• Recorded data
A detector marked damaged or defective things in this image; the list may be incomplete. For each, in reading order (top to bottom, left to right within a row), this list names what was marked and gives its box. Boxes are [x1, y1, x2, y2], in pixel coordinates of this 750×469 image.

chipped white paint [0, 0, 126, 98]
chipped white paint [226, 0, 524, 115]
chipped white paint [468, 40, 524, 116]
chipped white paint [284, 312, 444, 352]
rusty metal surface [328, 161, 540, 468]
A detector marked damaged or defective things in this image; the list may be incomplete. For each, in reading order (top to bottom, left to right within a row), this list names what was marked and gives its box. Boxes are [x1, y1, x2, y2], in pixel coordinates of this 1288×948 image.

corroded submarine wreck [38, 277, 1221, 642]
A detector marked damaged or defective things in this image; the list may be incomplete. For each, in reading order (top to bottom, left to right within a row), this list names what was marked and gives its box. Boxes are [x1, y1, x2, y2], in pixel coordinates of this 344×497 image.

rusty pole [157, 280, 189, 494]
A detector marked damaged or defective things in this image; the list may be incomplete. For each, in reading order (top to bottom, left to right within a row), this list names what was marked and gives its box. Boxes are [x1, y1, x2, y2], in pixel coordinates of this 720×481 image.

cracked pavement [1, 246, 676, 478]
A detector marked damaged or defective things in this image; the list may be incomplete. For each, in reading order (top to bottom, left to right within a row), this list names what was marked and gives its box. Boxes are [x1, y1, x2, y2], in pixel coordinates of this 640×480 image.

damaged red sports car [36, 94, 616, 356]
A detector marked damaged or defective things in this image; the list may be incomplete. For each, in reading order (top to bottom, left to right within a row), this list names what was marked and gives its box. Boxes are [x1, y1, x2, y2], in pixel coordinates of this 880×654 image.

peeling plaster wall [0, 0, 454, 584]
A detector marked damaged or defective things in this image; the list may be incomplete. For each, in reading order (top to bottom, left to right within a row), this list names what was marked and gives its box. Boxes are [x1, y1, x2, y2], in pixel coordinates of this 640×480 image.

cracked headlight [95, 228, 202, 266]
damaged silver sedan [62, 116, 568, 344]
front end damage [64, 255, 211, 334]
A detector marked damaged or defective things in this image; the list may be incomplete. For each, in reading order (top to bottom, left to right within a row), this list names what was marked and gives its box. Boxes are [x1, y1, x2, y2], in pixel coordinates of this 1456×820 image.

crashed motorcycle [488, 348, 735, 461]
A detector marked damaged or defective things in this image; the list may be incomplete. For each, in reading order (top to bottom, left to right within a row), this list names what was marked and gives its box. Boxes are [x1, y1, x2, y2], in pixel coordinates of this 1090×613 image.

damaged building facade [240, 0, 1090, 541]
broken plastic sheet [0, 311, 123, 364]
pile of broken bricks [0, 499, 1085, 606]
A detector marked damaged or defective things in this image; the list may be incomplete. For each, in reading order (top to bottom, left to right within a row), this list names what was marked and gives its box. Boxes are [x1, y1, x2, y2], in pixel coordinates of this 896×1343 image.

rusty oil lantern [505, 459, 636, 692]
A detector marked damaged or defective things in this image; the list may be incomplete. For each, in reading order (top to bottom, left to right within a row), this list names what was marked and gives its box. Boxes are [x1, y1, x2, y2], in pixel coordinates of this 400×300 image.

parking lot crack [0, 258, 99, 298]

• Task to complete
Starting at the line that contains "this 896×1343 image.", transcribe every line through the last line of the entries above, exactly, and nothing else.

• Your solution
A detector marked damaged or defective things in this image; the list may be incomplete. For each, in reading order (top to bottom, left to right within a row), this list names what was marked and gives its box. Boxes are [x1, y1, x2, y2], in pixel coordinates of this 896×1343 image.

rusty oil lantern [505, 459, 636, 692]
A detector marked damaged or defective things in this image; the list may be incomplete. For each, in reading order (top to bottom, left to right within a row), this list names what was marked and gives its box. Boxes are [x1, y1, x2, y2], in pixel coordinates of this 400×300 image.

parking lot crack [0, 258, 99, 298]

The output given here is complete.